Symbol: Il1rap^em1Adiuj
Name: endonuclease-mediated mutation 1, MODEL-AD Center
MGI accession ID: MGI:6164025
Generation method: Endonuclease-mediated
Attributes: Null/Knockout
Marker symbol: Il1rap
Marker name: interleukin 1 receptor accessory protein
Marker synonyms: 6430709H04Rik; C3orf13; IL-1R AcP; IL1R3; IL-1RAcp; Il1racpb
Chromosome: 16
Strain of origin: B6(SJL)-Apoe^{tm1.1(APOE*4)Adiuj} Trem2^em1Adiuj/J
Molecular note: CRISPR/cas9 endonuclease-mediated genome editing is used to introduce a 387bp deletion in the first coding exon. The mutation is believed to generate a null allele.

Allele

Symbol: Apoe^{tm1.1(APOE*4)Adiuj}
Name: targeted mutation 1.1, MODEL-AD Center
MGI accession ID: MGI:5810209
Generation method: Targeted
Attributes: Inserted expressed sequence; Humanized sequence
Synonyms: APOE^epsilon4
Marker symbol: Apoe
Marker name: apolipoprotein E
Marker synonyms: AD2; APO-E; ApoE4; APOEA; LDLCQ5; LPG
Chromosome: 7
Strain of origin: C57BL/6J
Expressed genes: APOE,apolipoprotein E,human
Site of expression: Endogenous mouse elements direct human APOE gene sequence (including exons 2, 3 and 4 and some 3' UTR sequence).

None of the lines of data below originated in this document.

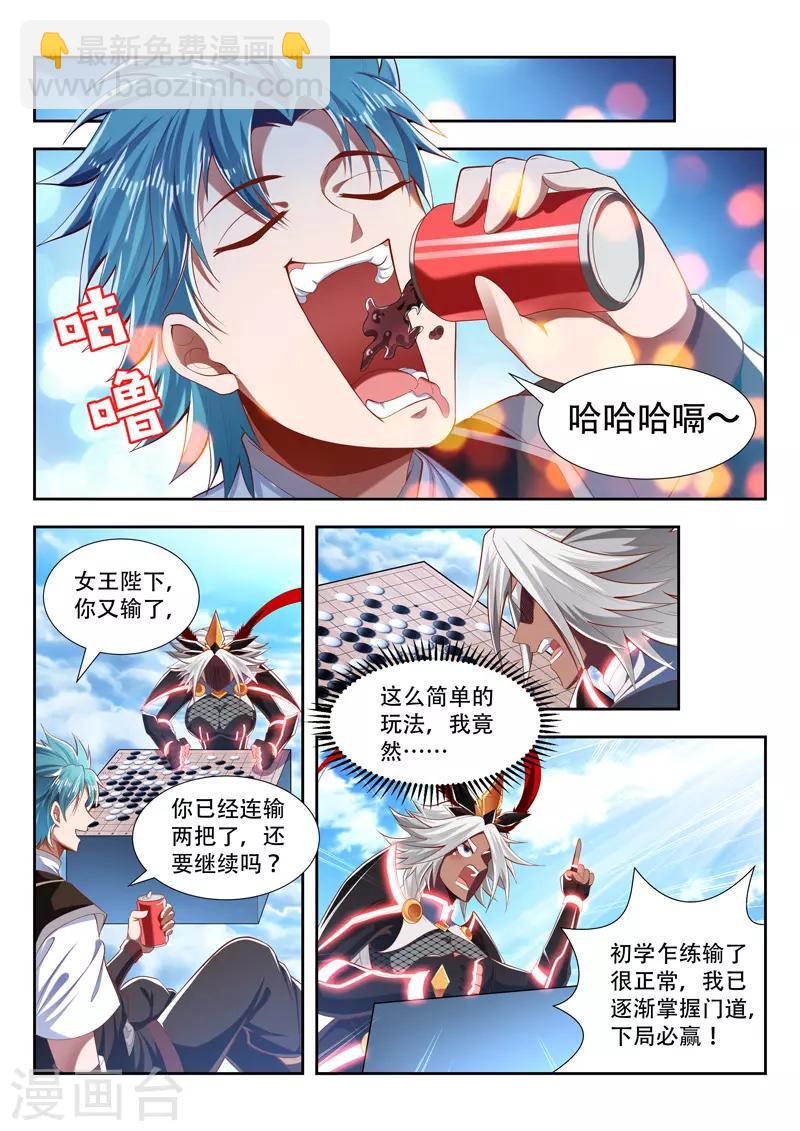 第193话 两败俱伤？-第193话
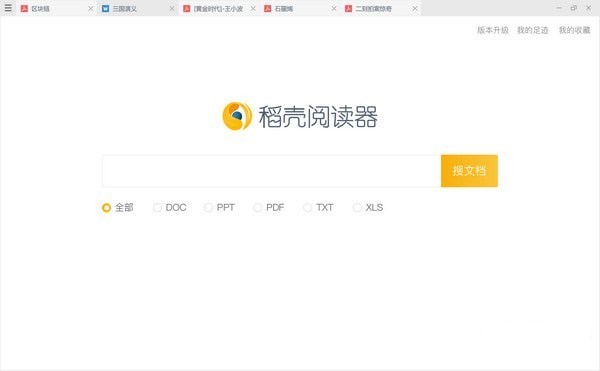 稻壳阅读器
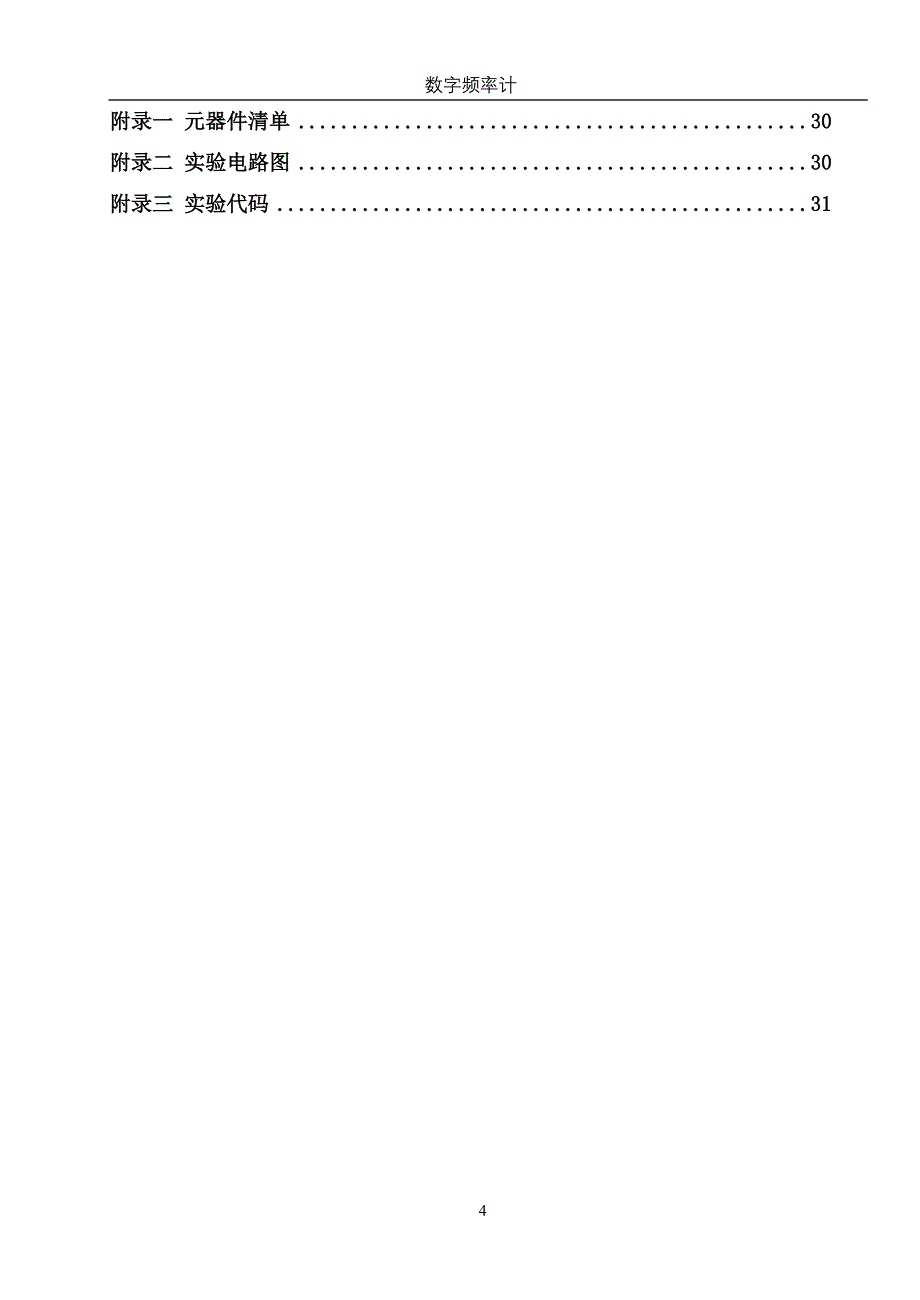 基于单片机数字频率计课设报告_第4页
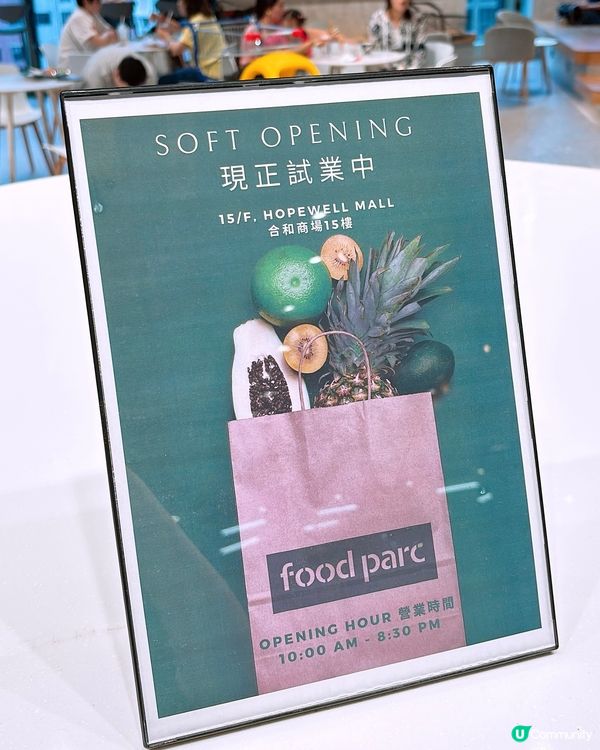 🎏灣仔合和商場15樓🎉超市及美食廣場正式開張‼️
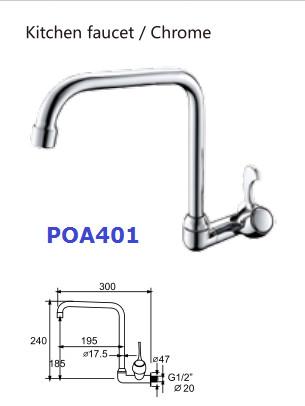 ABS Metered Wall Mount Hand Sink Faucet In Chrome And White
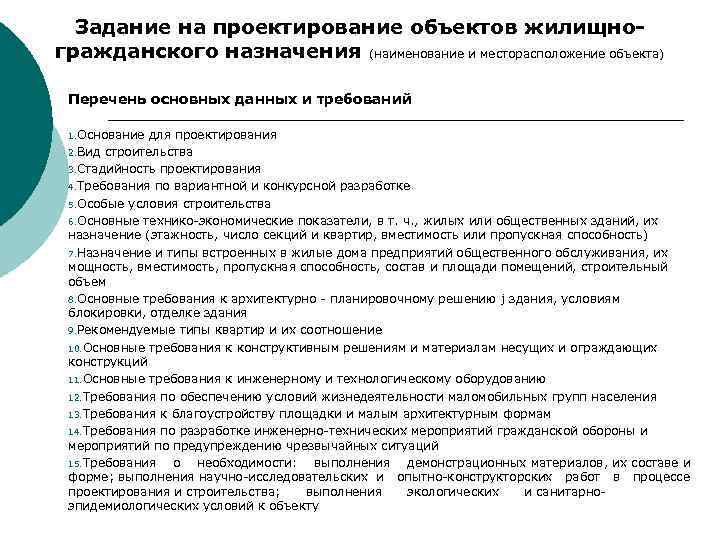 Задание на проектирование объектов жилищногражданского назначения (наименование и месторасположение объекта) Перечень основных данных и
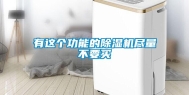 有这个功能的除湿机尽量不要买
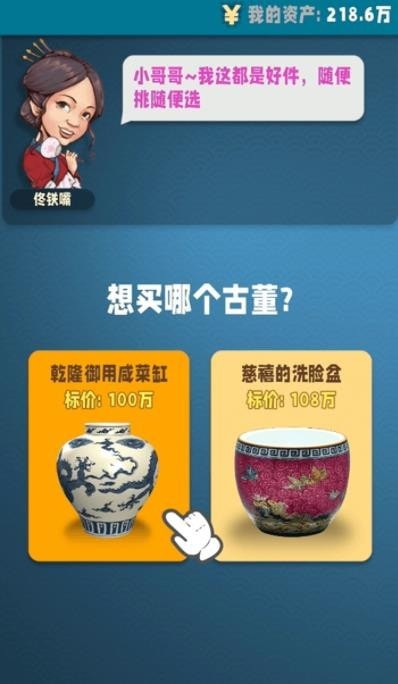 古董就是玩内购版截图2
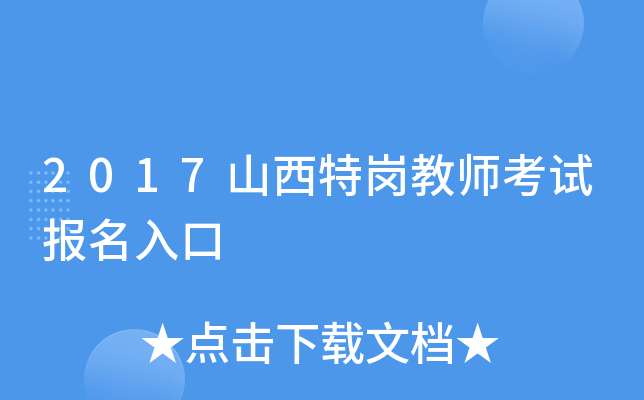 2017山西特岗教师考试报名入口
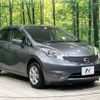 nissan note 2014 -NISSAN--Note DBA-E12--E12-316669---NISSAN--Note DBA-E12--E12-316669- image 17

Molecular note: The targeting vector contains a 3' FRT flanked neo cassette and 1.5 kb of human APOE gene sequence including exons 2, 3, 4 and a portion of the 3'UTR sequence (the APOE4 isoform) which is used to replace exons 2, 3 and most of exon 4 of the endogenous sequence. The human APOE sequence carries a 2 nucleotide A-to-T substitution in intron 3. Flp-mediated recombination removed the FRT-flanked neo cassette.